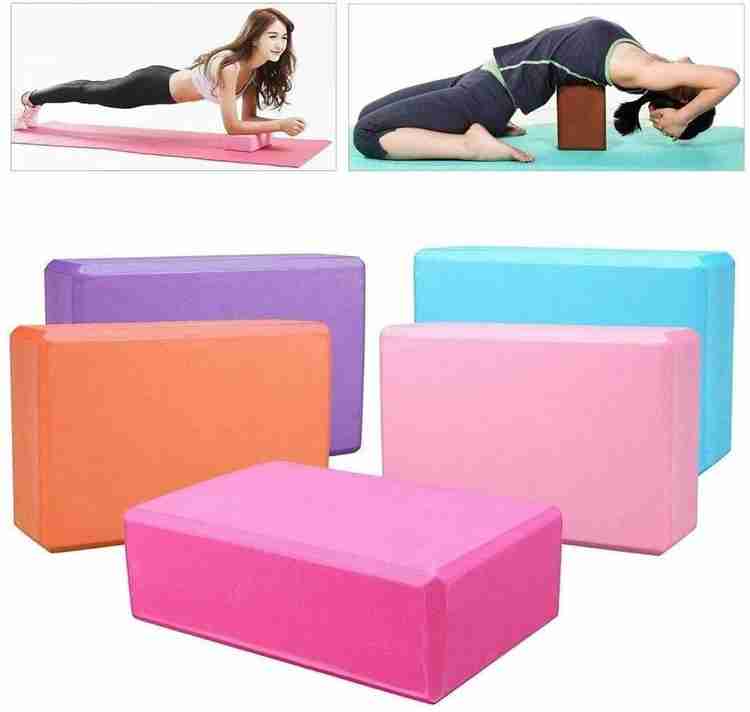 Buy yoga discount blocks online
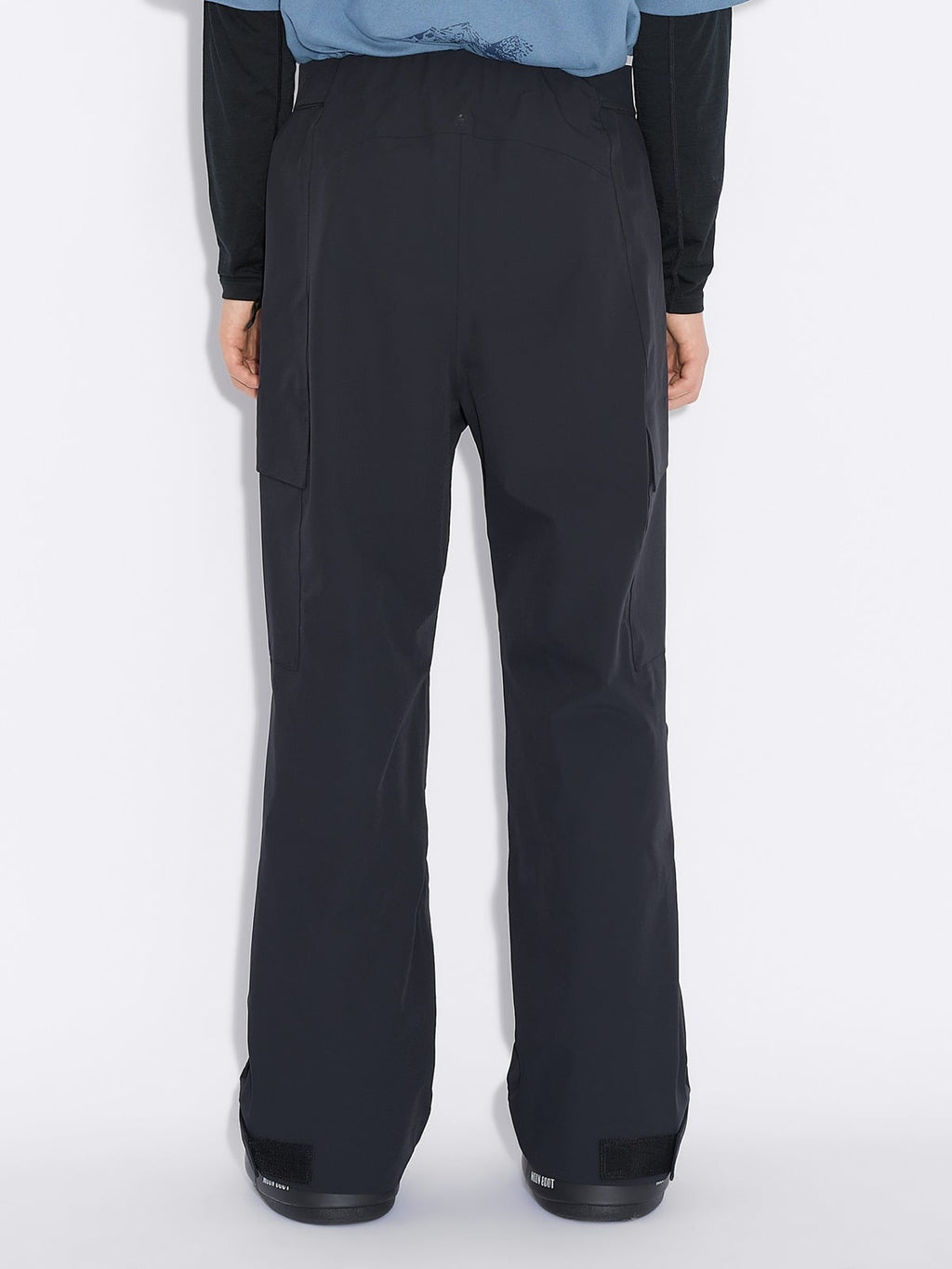 M Tryvann 3L Trousers Yttertøy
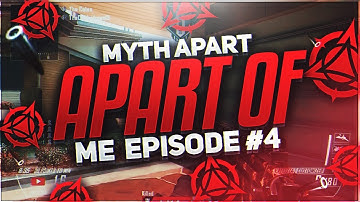 Myth Apart: Apart of Me 4 by Milo and Zennie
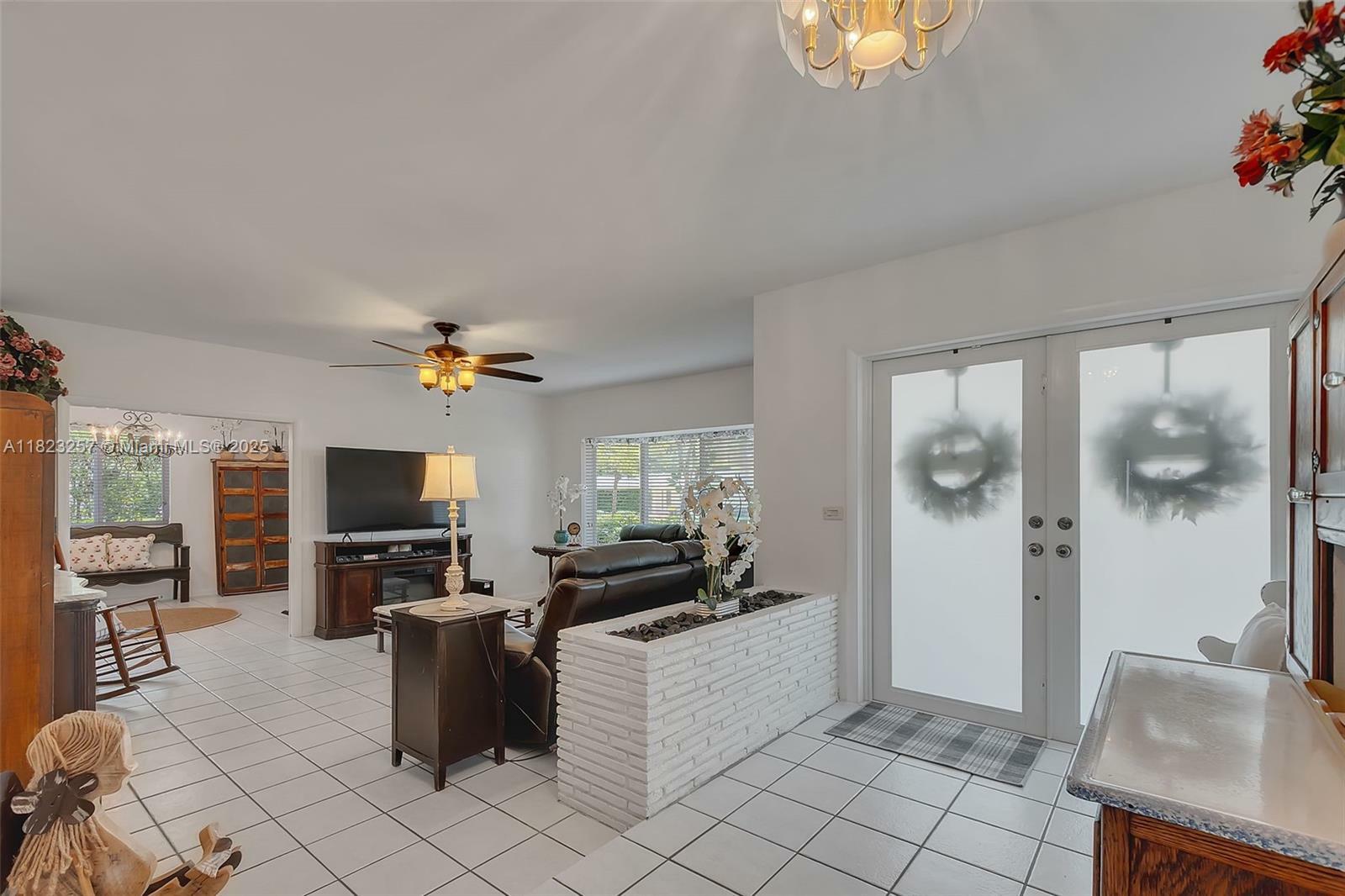 Property Photo: 7340 SW 123rd Ter FL 33156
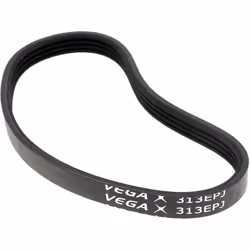 Courroie 313j = 313epj : Courroies pour Compresseur Hyundai, Feider, Go-on compatible avec appareils Cqb180a compresseur, Cqb ...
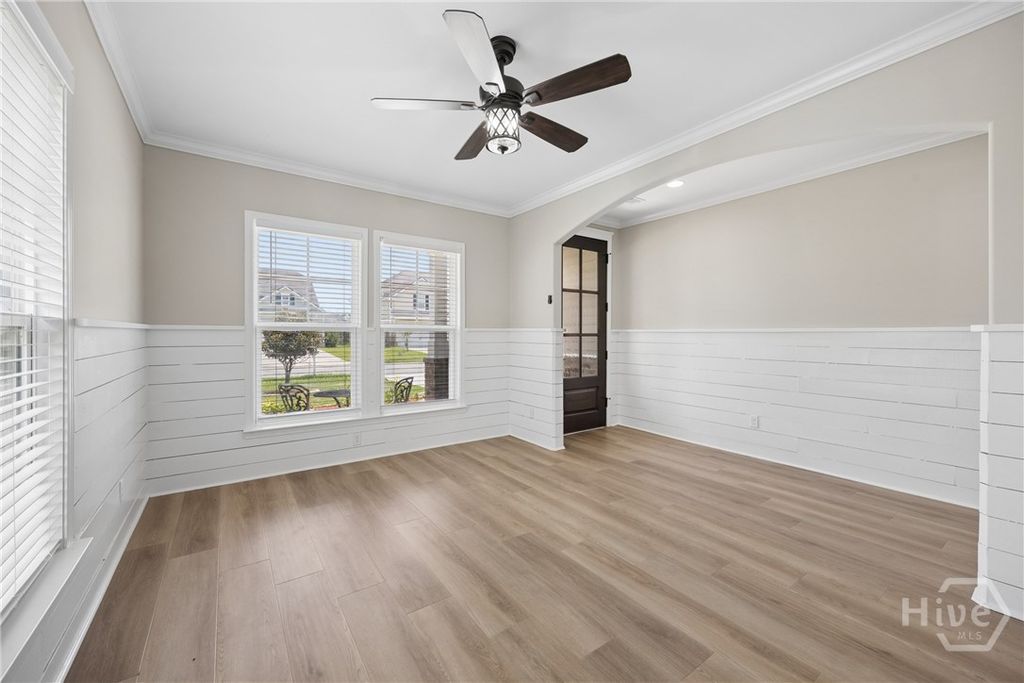 Image 11 of property listing at 134 Wind Willow Drive, Savannah, GA 31407
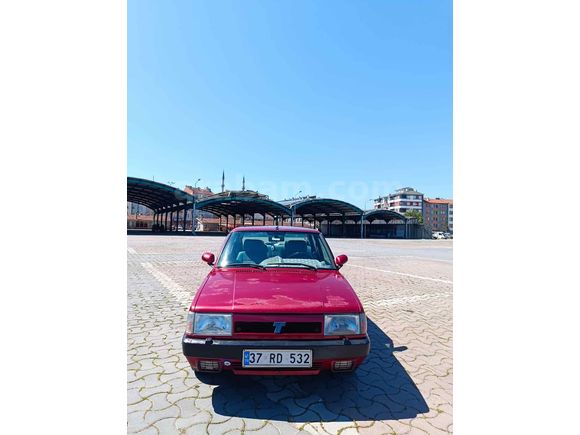 Sahibinden Tofaş Doğan SLX ie 1998 Model 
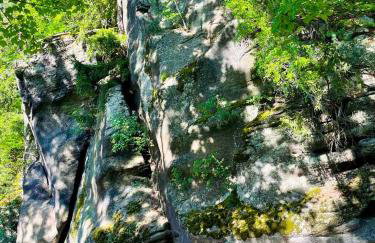 Domek przy Rozpadlisku - Foto 1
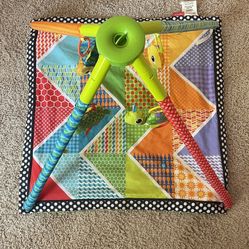 Fisher-Price Baby Play Gym
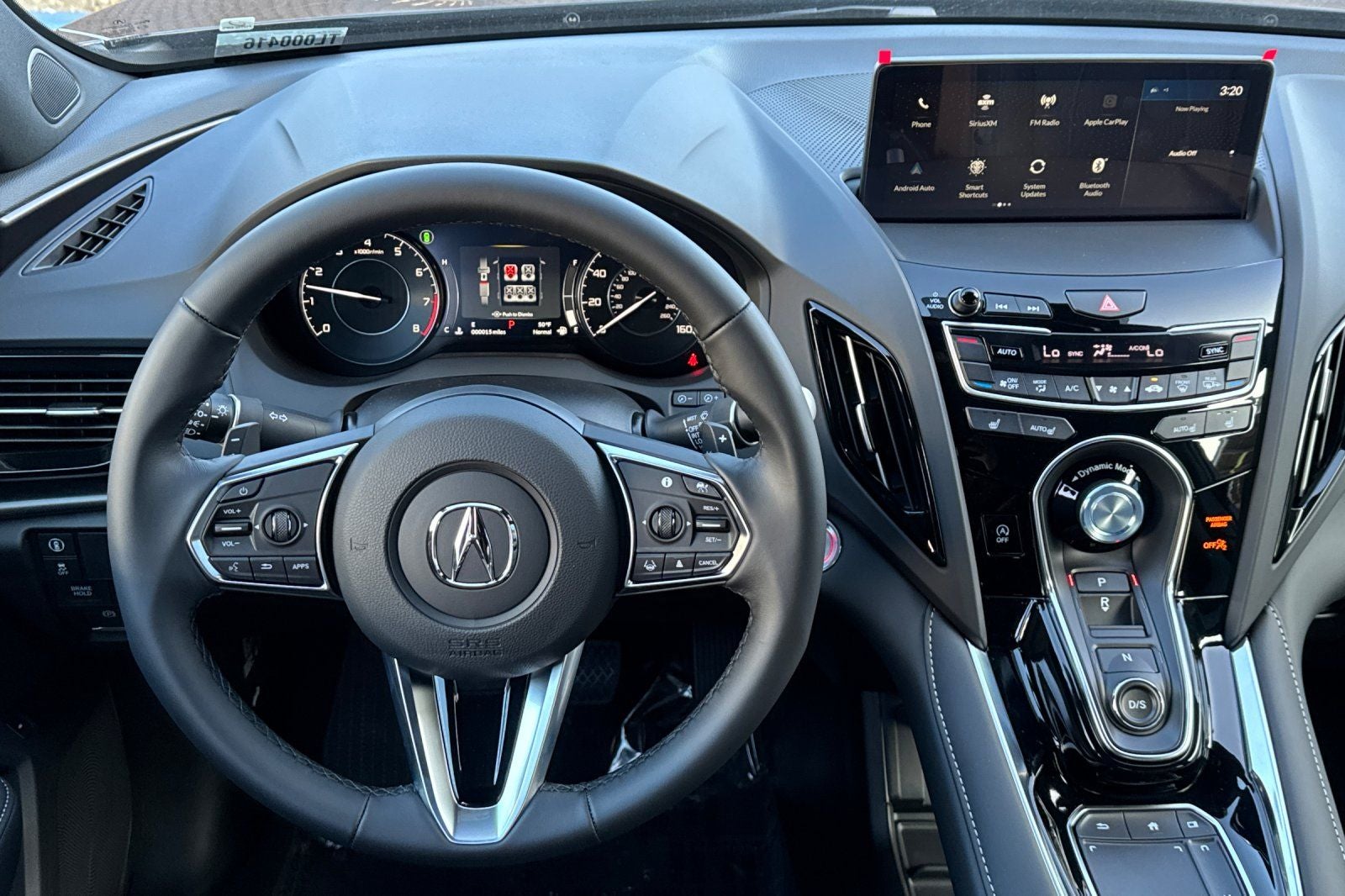 2026 Acura RDX 4RDX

───

# INSTRUCTIONS FOR THE TASK:
Leaving out every picture, transcribe exactly the lines from the line that contains "Myth Apart: Apart of Me 4 by Milo and Zennie" through the final line of the entries above.

# RESULT OF THE TASK:
 Myth Apart: Apart of Me 4 by Milo and Zennie
 Property Photo: 7340 SW 123rd Ter FL 33156
 Courroie 313j = 313epj : Courroies pour Compresseur Hyundai, Feider, Go-on compatible avec appareils Cqb180a compresseur, Cqb ...
 Image 11 of property listing at 134 Wind Willow Drive, Savannah, GA 31407
 Sahibinden Tofaş Doğan SLX ie 1998 Model 
 Domek przy Rozpadlisku - Foto 1
 Fisher-Price Baby Play Gym
 2026 Acura RDX 4RDX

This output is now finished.